Set the listing down exactly; no pictures.

□ □ □ □ □ □ □

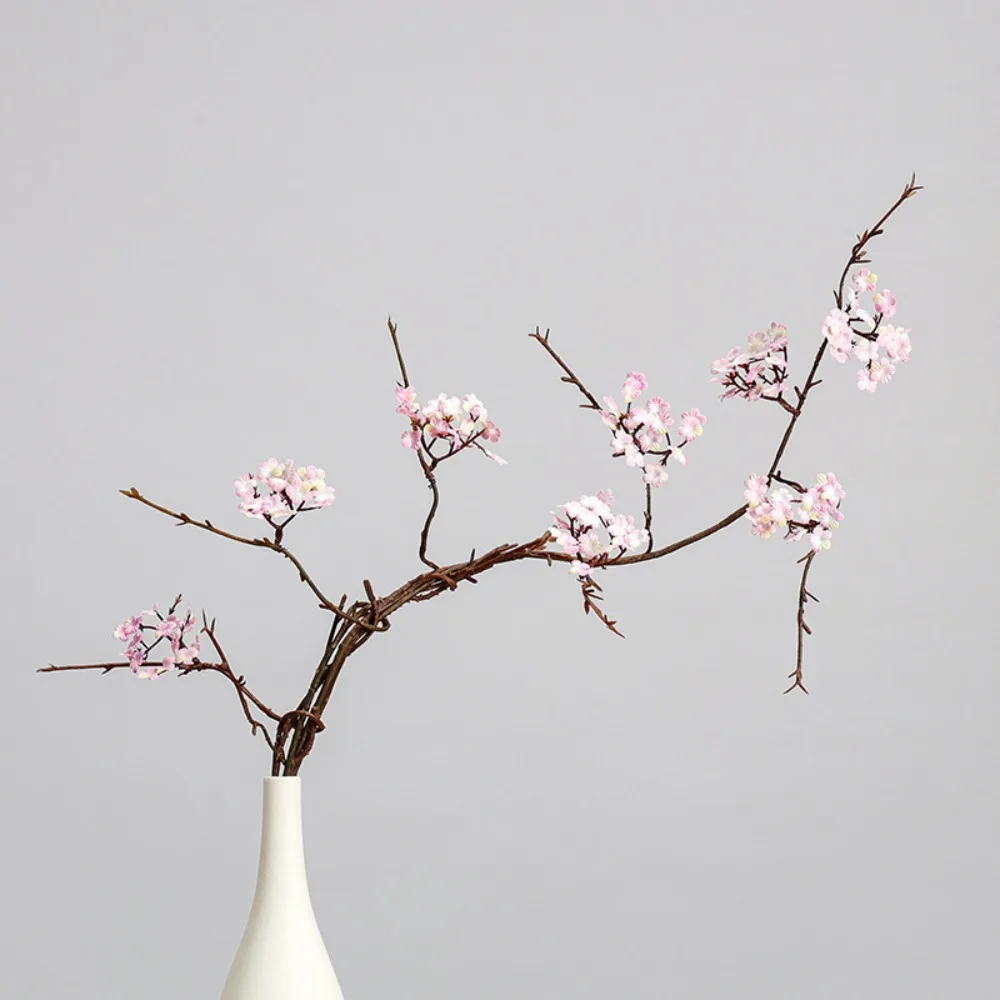 Искусственные ветки вишни 87 см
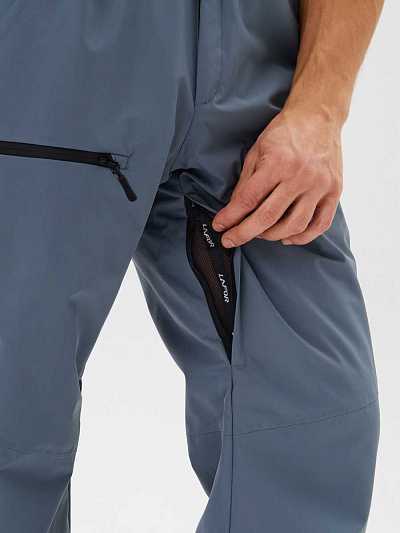 Штаны Lafor Серый, 7670176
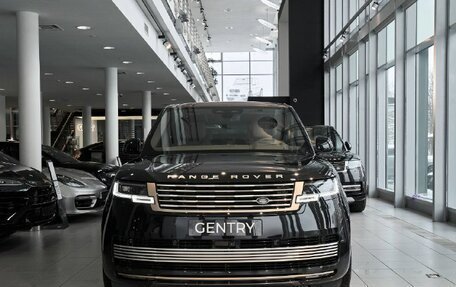 Land Rover Range Rover IV рестайлинг, 2025 год, 36 000 000 рублей, 2 фотография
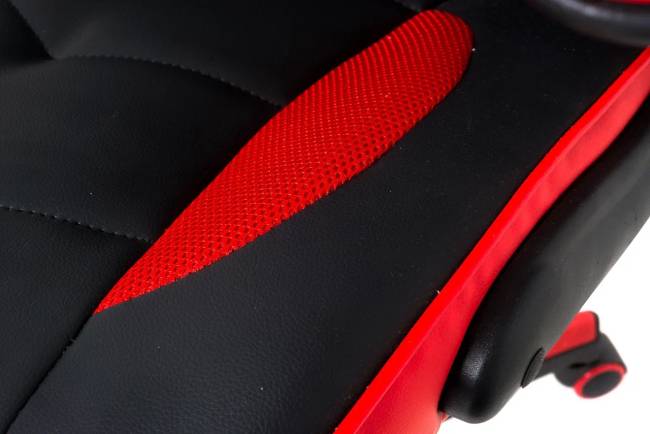 Кресло вращающееся GX-09-05 Кресло вращающееся GX-09-05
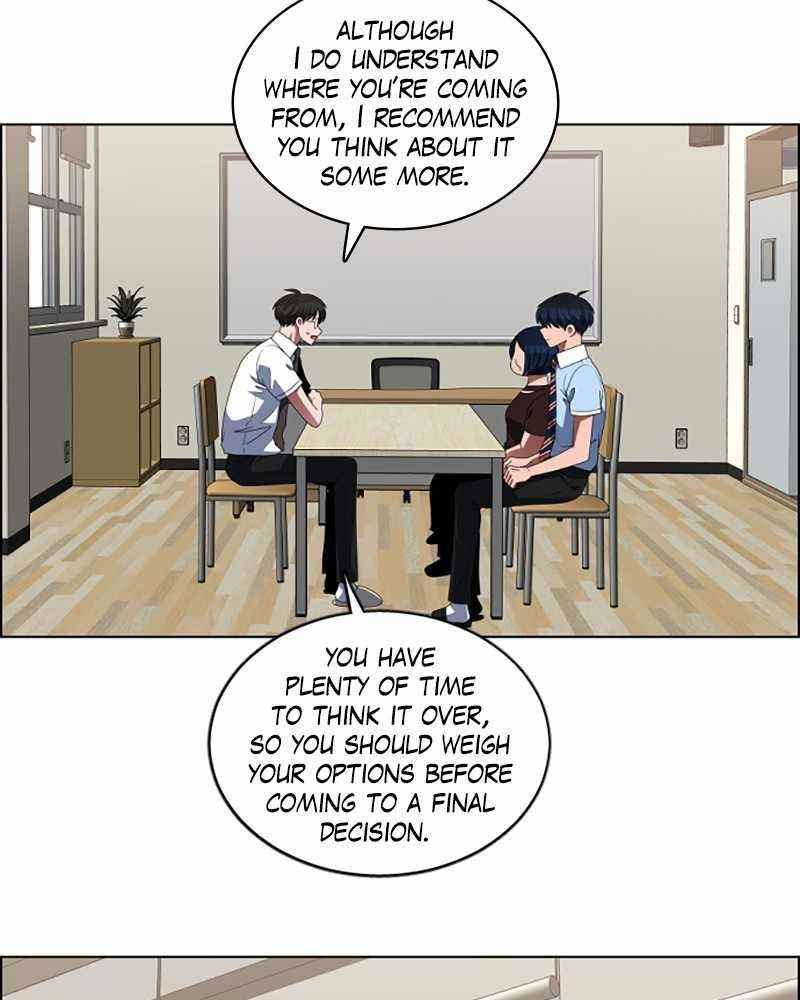 No Scope Chapter 86 - Page 5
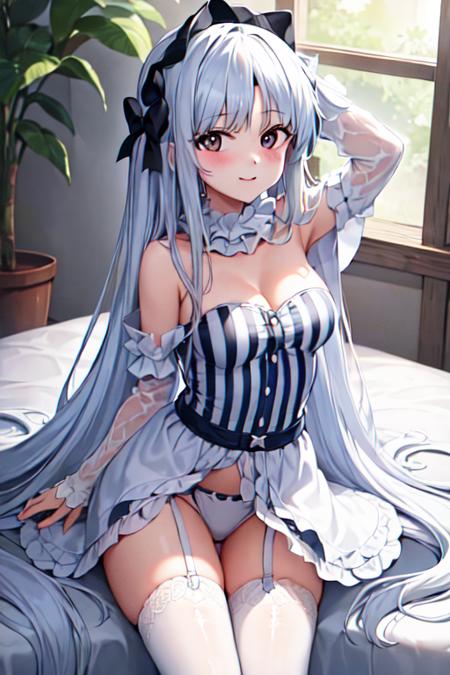 Francesca Prelati フランチェスカ・プレラーティ(Fate/strangeFake)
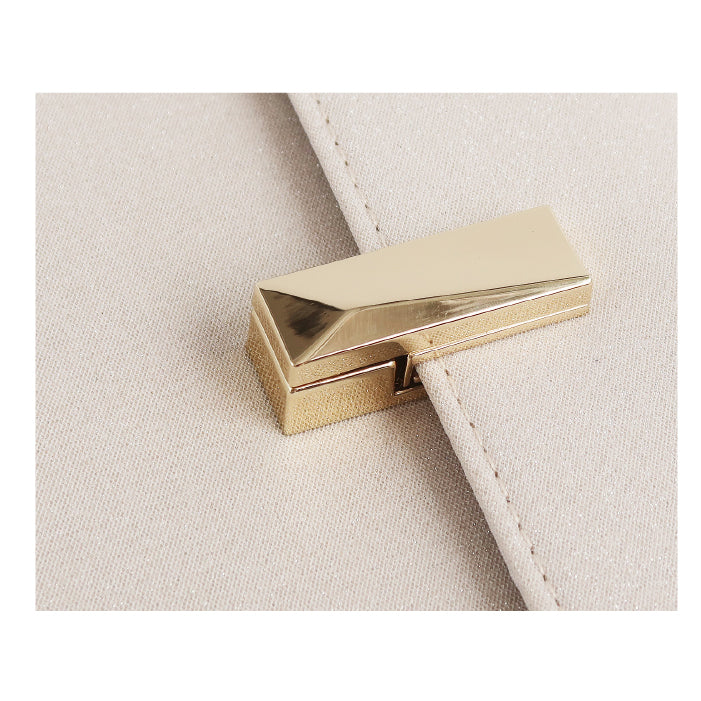 3WAYスクエアハンドバッグ 24988 Dorry doll ドリードール 結婚式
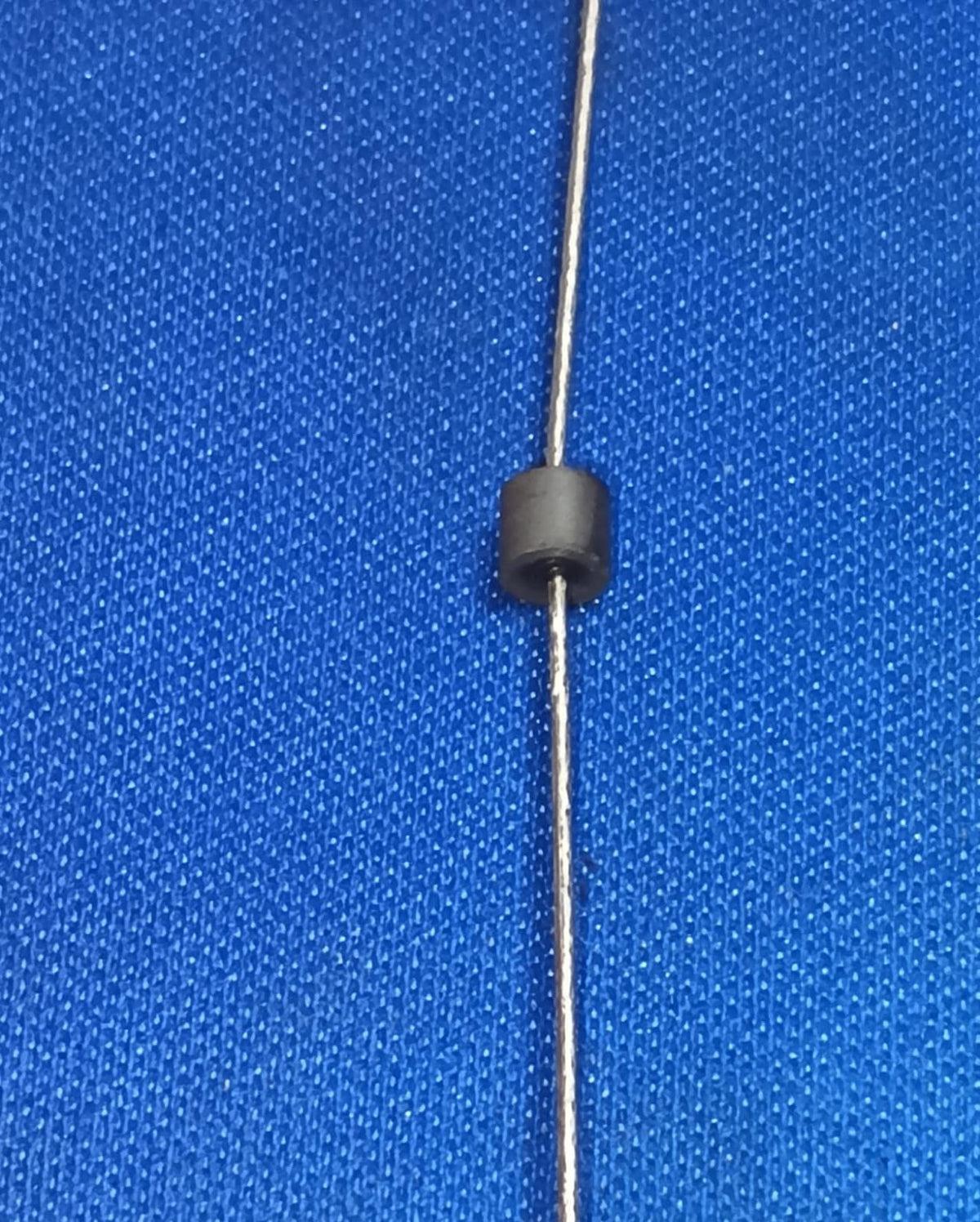 RH3.5x3.0x0.8T52 ZE 60 OHM @100MHz 1 Line Ferrite Bead D3xL3.5mm ETH6738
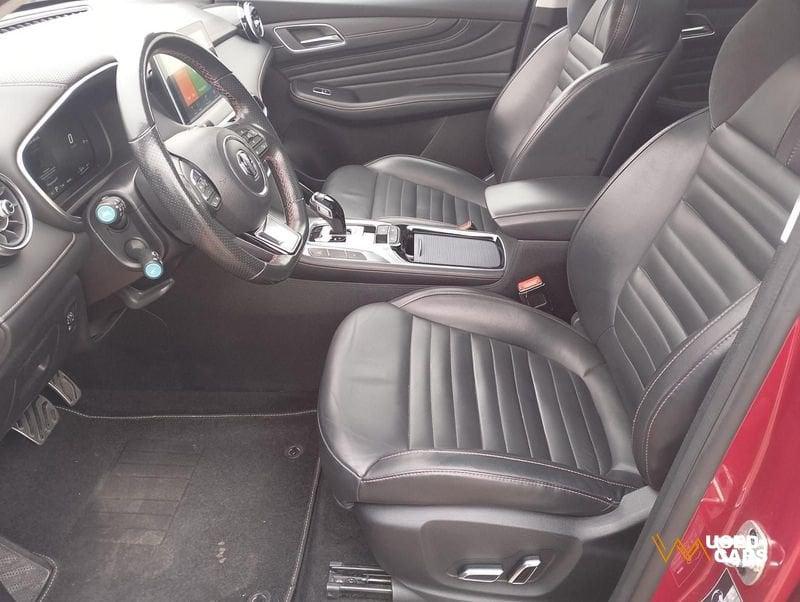 MG EHS 1.5 T Plug-in Hybrid Exclusive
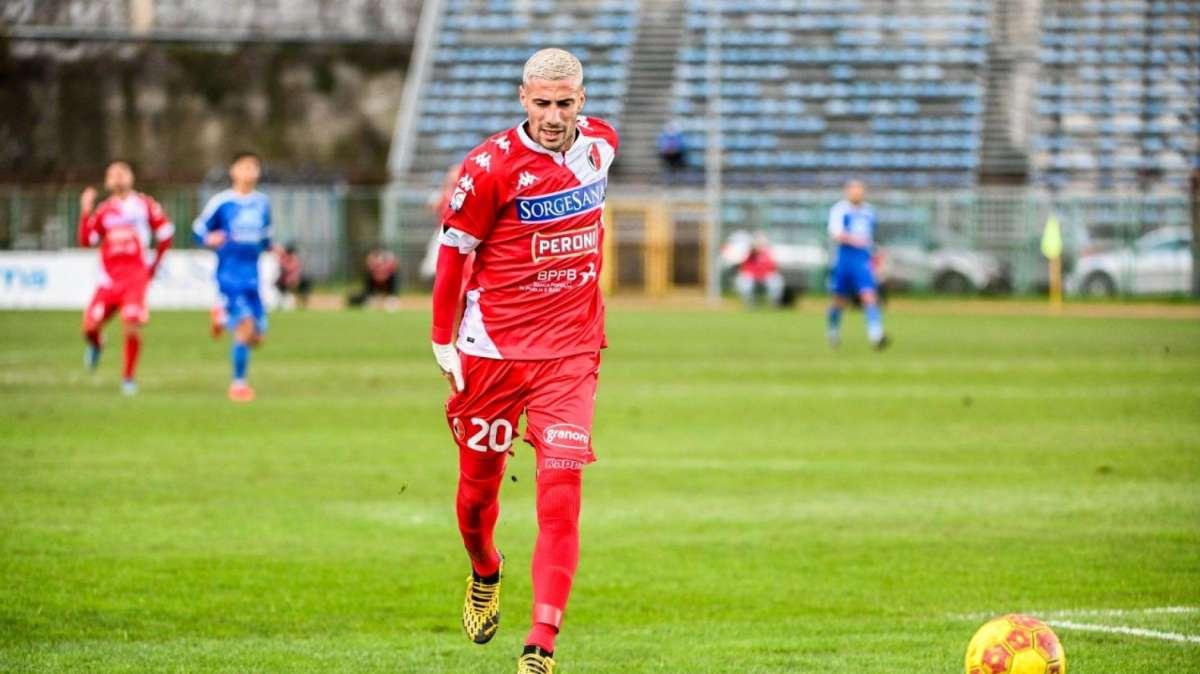 Citro: “Non è stata una bella partita. Felice per assist e vittoria”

□ □ □ □ □ □ □

Reply >>
 Искусственные ветки вишни 87 см
 Штаны Lafor Серый, 7670176
 Land Rover Range Rover IV рестайлинг, 2025 год, 36 000 000 рублей, 2 фотография
 Кресло вращающееся GX-09-05 Кресло вращающееся GX-09-05
 No Scope Chapter 86 - Page 5
 Francesca Prelati フランチェスカ・プレラーティ(Fate/strangeFake)
 3WAYスクエアハンドバッグ 24988 Dorry doll ドリードール 結婚式
 RH3.5x3.0x0.8T52 ZE 60 OHM @100MHz 1 Line Ferrite Bead D3xL3.5mm ETH6738
 MG EHS 1.5 T Plug-in Hybrid Exclusive
 Citro: “Non è stata una bella partita. Felice per assist e vittoria”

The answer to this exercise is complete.